Ich sah zuerst Phil und dann Caller an. Und plötzlich sah ich es. Caller schluckte krampfhaft. Seine Augen waren starr auf die Pistole gerichtet. Der Schweiß stand ihm glitzernd auf der Stirn. Seine Lippen bewegten sich leise, ohne dass ein Ton über sie gekommen wäre.
Zuerst wirkte es, als kämpfe Caller gegen irgendetwas an. Seine Schläfenadern traten weit aus der Haut. Man konnte das Blut in ihnen pulsieren sehen. Dann setzte er sich plötzlich in Bewegung und stieg mit nachtwandlerischen Bewegungen auf den Stuhl neben der Bank. Er streckte die Arme aus und griff nach der Pistole. Aber zugleich wirkte es, als handle gar nicht er selbst, sondern etwas Rätselhaftes in ihm.
Er nahm die Pistole, stieg herab und sah uns an, ohne uns zu sehen.

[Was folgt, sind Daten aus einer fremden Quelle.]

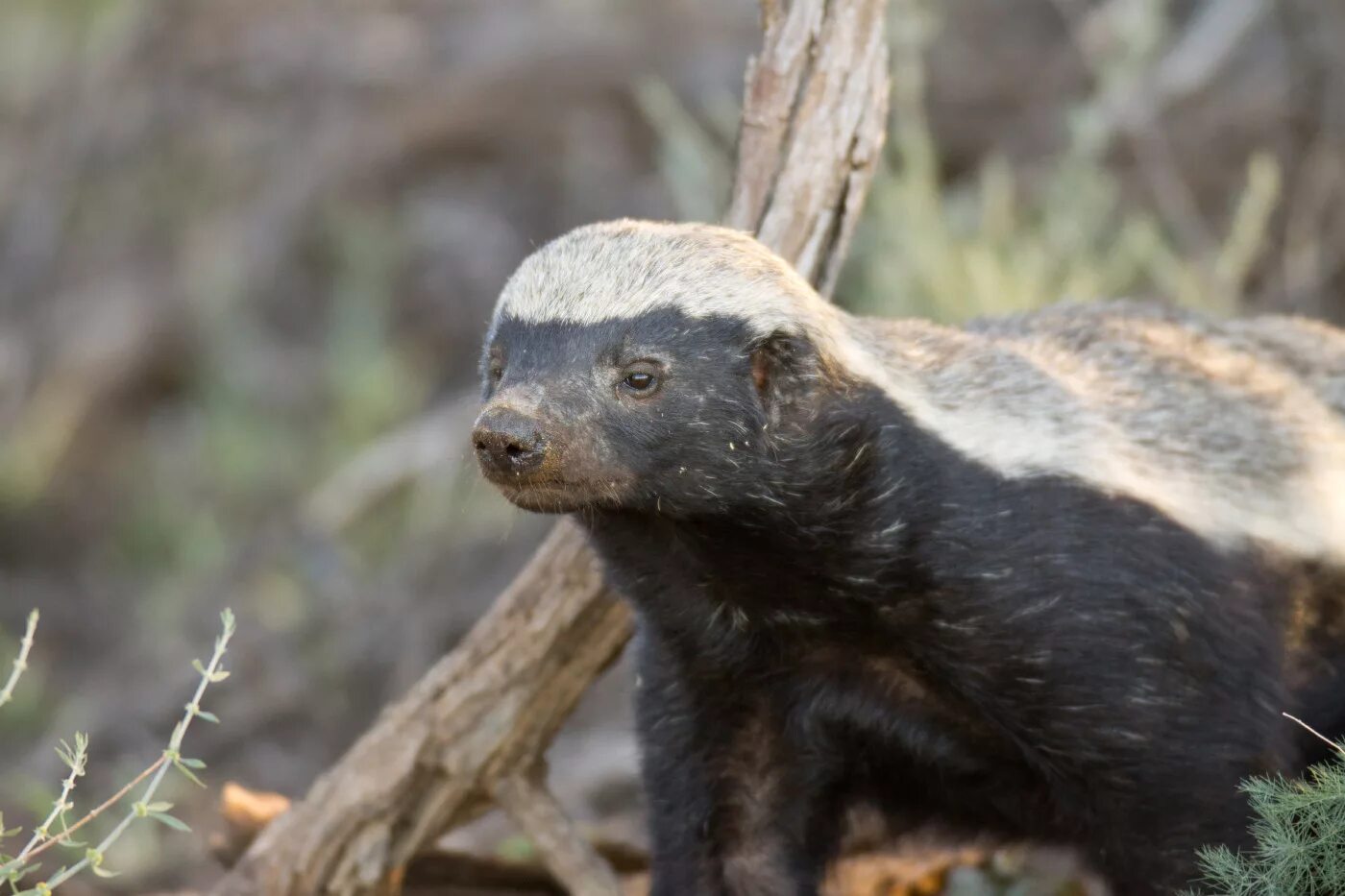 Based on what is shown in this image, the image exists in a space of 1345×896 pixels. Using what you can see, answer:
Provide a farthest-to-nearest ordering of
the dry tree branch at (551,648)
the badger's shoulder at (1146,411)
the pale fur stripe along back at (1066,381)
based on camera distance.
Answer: the dry tree branch at (551,648), the badger's shoulder at (1146,411), the pale fur stripe along back at (1066,381)

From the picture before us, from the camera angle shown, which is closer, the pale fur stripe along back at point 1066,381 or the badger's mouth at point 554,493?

»Tot!«, sagte seine plötzlich sehr helle, beinahe kindliche Stimme. »Tot! Tot!«
Und dabei drückte er jedes Mal ab. Der Bolzen klatschte metallisch hart auf, denn Phil hatte das Magazin herausgenommen .
***
»Schizophrenie oder so was«, sagte Phil, als wir eine Stunde später hinter dem geschlossenen Wagen der Heilanstalt herfuhren. »Gestern Nachmittag war ein Junge bei ihm, der Botengänge für ihn erledigt. Weil er beide Hände zum Tragen seiner Päckchen brauchte, ließ er seinen Spielzeugcolt bei Caller zurück. Äußerlich sah er ziemlich täuschend nach einer echten Waffe aus. In Wahrheit war es eine von diesen Dingern, mit denen man Wasser verspritzen kann…«
Er steckte sich eine Zigarette an und blies langsam den Rauch aus.

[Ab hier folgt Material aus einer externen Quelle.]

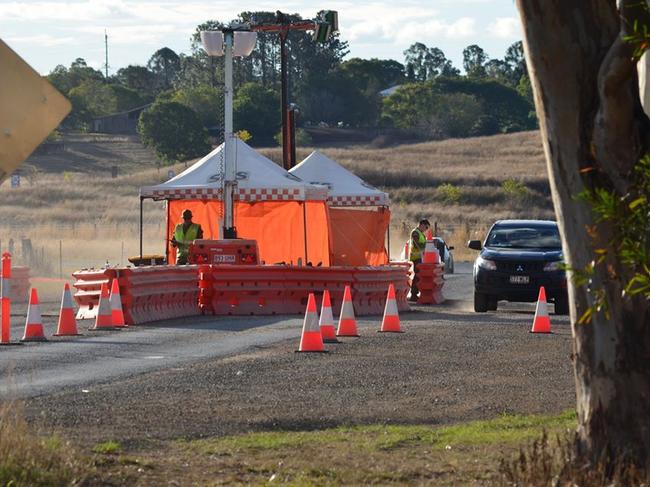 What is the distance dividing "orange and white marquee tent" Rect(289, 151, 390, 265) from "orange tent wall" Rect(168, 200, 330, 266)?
6.04 feet

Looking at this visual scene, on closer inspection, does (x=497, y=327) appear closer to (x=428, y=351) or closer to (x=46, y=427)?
(x=428, y=351)

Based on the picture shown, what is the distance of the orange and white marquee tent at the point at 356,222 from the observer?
37031mm

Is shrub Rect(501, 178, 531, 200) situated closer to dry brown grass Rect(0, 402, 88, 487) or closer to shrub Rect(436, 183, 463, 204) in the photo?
shrub Rect(436, 183, 463, 204)

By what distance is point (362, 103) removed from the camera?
488ft

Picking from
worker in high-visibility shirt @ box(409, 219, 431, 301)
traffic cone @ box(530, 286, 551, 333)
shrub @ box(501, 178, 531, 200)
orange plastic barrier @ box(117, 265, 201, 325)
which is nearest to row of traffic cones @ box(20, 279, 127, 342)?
orange plastic barrier @ box(117, 265, 201, 325)

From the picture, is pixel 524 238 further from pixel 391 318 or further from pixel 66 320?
pixel 66 320

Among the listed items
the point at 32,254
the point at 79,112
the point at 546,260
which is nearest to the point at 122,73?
the point at 79,112

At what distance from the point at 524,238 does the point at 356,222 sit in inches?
361

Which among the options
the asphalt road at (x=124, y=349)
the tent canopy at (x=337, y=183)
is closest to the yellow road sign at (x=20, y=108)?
the asphalt road at (x=124, y=349)

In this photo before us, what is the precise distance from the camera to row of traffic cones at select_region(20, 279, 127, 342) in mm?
20094

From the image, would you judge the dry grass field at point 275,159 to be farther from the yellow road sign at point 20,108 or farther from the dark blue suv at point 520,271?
the yellow road sign at point 20,108

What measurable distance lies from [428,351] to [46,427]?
7949 millimetres

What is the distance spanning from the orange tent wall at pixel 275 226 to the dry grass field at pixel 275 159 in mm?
9483

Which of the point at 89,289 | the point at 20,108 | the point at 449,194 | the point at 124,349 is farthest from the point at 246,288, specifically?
the point at 449,194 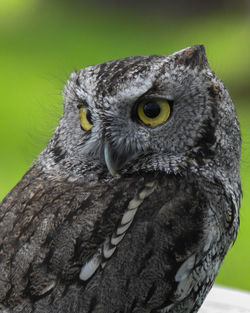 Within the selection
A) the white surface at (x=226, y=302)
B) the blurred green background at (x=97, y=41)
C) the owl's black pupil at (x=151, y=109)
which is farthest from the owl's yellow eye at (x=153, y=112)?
the blurred green background at (x=97, y=41)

»Caller kann wohl eine echte Waffe nicht von einem Spielzeug unterscheiden, wenn es ihn gepackt hat. Als der Cop von dem nassen Mantei bei Änn Millertoe erzählte, fiel mir sofort die Spielzeugpistole ein. Seine richtige Pistole hatten wir doch auf der Bank gefunden und mitgenommen! In seinem Anfall nahm er den Colt…«
»Dann war er also der Parkmörder«, meinte ich kopfschüttelnd. »Zu begreifen ist das wohl nicht.«
»Kaum«, meinte Phil. »Vielleicht wird nie jemand wissen, was ihn dazu zwang, nachts plötzlich zu töten. Und ehrlich gesagt, ich möchte es auch gar nicht wissen.